Python Evaluator¶

This stage supports the running of native Python scripts to meet the requirements of custom business logic.

Configuration¶

The configuration tabs for this stage are General, Basic, Input/Output, and Script.

General¶

Name	Required?	Description
Name	Yes	The name of the stage.
Description	No	The description of the stage.
Stage Library	Yes	The streaming operator library to which the stage belongs.
Required Fields	No	The fields that the data records must contain. If the specified fields are not included, the record will be filtered out.
Preconditions	No	The conditions that must be satisfied by the data records. Records that do not meet the conditions will be filtered out. For example, `${record:value('/value') > 0}`. For the syntax of EL expressions, see `Expression Language https://docs.streamsets.com/portal/datacollector/latest/help/datacollector/UserGuide/Expression_Language/ExpressionLanguage_overview.html>`__.
On Record Error	Yes	The processing method for error data. Discard: Error data will be discarded and ignored Send to Error: Error messages will be reported Stop Pipeline: The pipeline will be stopped

Basic¶

Name

Required?

Description

Lineage Mapping

Yes

Select the mapping between the input and output points.
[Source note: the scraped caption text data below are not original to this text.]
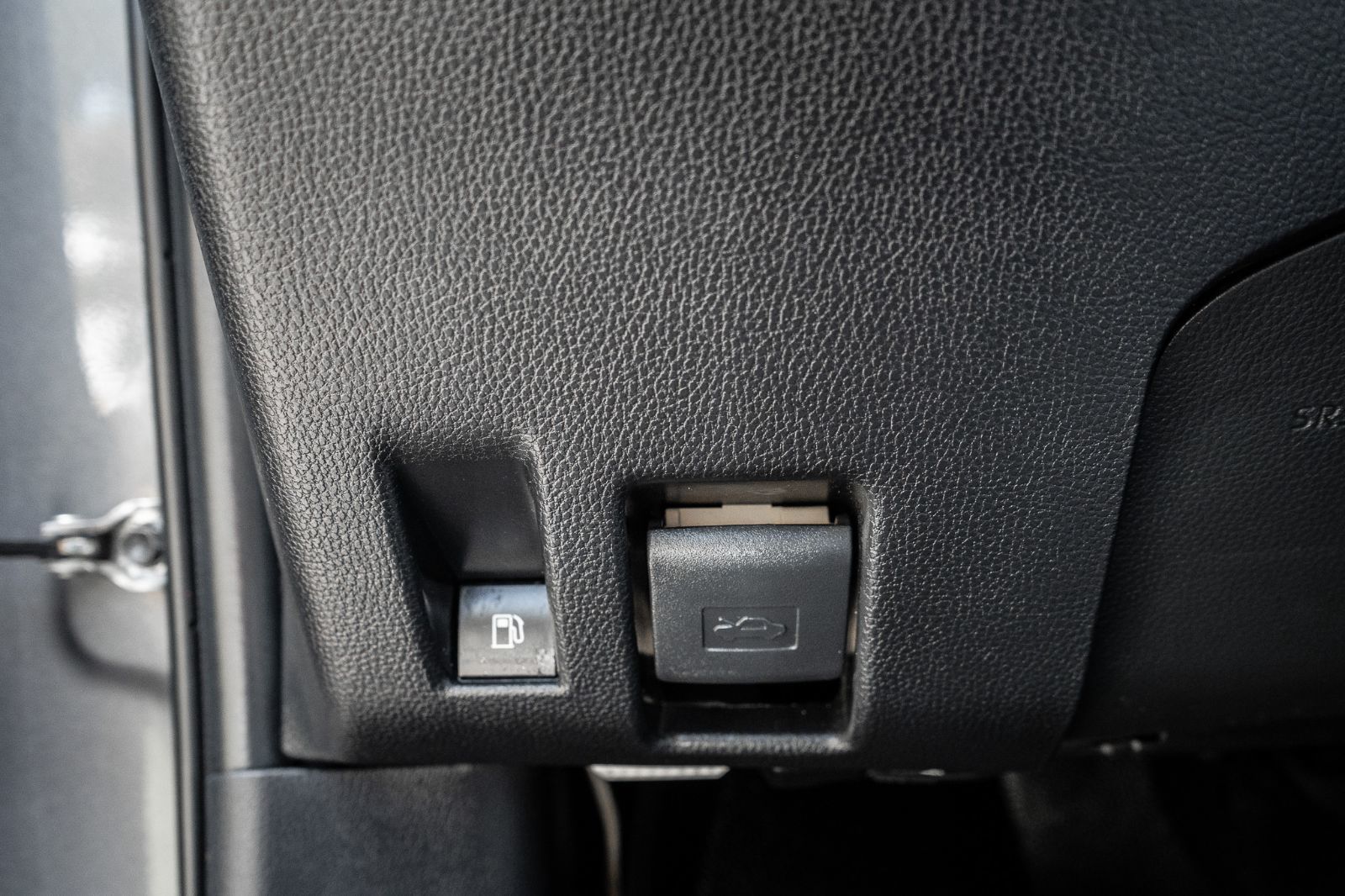 2024 Toyota RAV4 Hybrid SE UPGRADE AWD-23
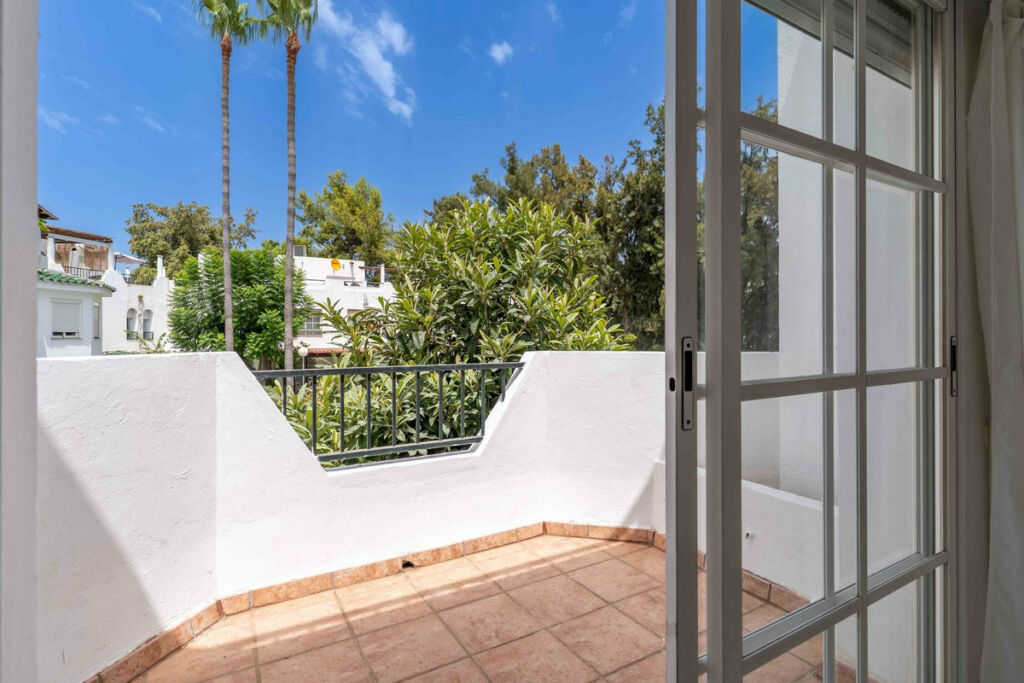 Townhouse Nueva Andalucía Málaga - image 22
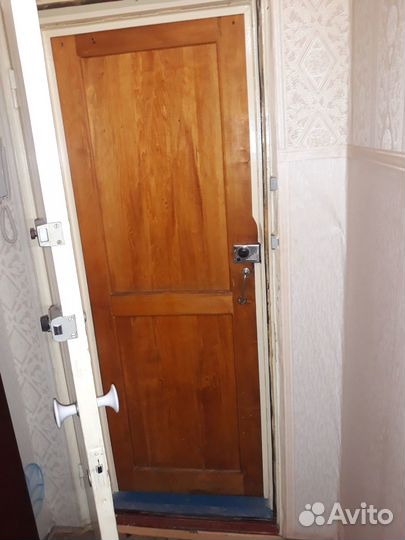 Дверь входная деревянная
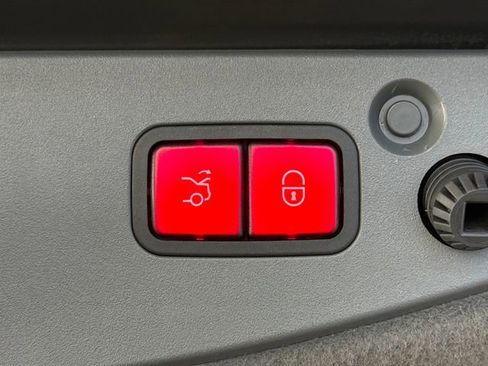 Used 2009 Mercedes-Benz SL 63 AMG image 43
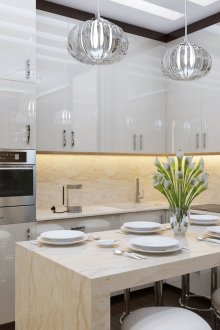 Art deco tarzında beyaz mutfak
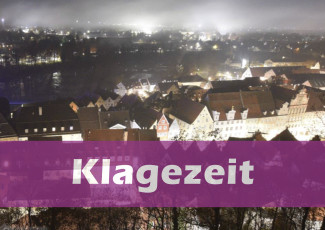 Landsberg bei Nacht mit Schriftzug Klagezeit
1:1: In each line of the Input/Output configuration, an input point corresponds to an output point.
M:1: In the Input/Output configuration, multiple input points correspond to one output point.

Quality Filter

No

Filter the data according to the data quality. Only records that meet the quality conditions will be processed by this stage.

Input/Output¶

Name	Required?	Description
Input Point	Yes	Specify the input point of the records, using the format {modelId}::{pointId}. The modelIdPath and pointId of the input data must match with those of the input point.
Output Point	No	Specify the output point of the records, using the format {modelId}::{pointId}. The modelIdPath and pointId of the output data processed by the Python script must match with those of the output point.

Script¶

Name	Required?	Description
Python Script	Yes	Enter the customized Python script, where records represents the input data that has been filtered by the quality conditions.

Output Results¶

After running the customized script, the output results of this stage are included in the attr struct.

Output Example¶

../../../_images/python_evaluator_result.png

Python Script Development Guide¶

# Available constants:

   They are to assign a type to a field with a value null.

   NULL_BOOLEAN, NULL_CHAR, NULL_BYTE, NULL_SHORT, NULL_INTEGER, NULL_LONG

   NULL_FLOATNULL_DOUBLE, NULL_DATE, NULL_DATETIME, NULL_TIME, NULL_DECIMAL

   NULL_BYTE_ARRAY, NULL_STRING, NULL_LIST, NULL_MAP

# Available Objects:
records: an array of records to process, depending on Jython processor processing mode it may have 1 record or all the records in the batch.

state: a dict that is preserved between invocations of this script.  Useful for caching bits of data e.g. counters.

log.<loglevel>(msg, obj...):
use instead of print to send log messages to the log4j log instead of stdout.
loglevel is any log4j level: e.g. info, error, warn, trace.

output.write(record): writes a record to processor output

error.write(record, message): sends a record to error

sdcFunctions.getFieldNull(Record, 'field path'): Receive a constant defined above to check if the field is typed field with value null

sdcFunctions.createRecord(String recordId): Creates a new record.

Pass a recordId to uniquely identify the record and include enough information to track down the record source.

sdcFunctions.createMap(boolean listMap): Create a map for use as a field in a record.
Pass True to this function to create a list map (ordered map)

sdcFunctions.createEvent(String type, int version): Creates a new event.
Create new empty event with standard headers.

sdcFunctions.toEvent(Record): Send event to event stream
Only events created with sdcFunctions.createEvent are supported.

sdcFunctions.isPreview(): Determine if pipeline is in preview mode.

Available Record Header Variables:

record.attributes: a map of record header attributes.

record.<header name>: get the value of 'header name'.

# Add additional module search paths:

import sys
sys.path.append('/some/other/dir/to/search')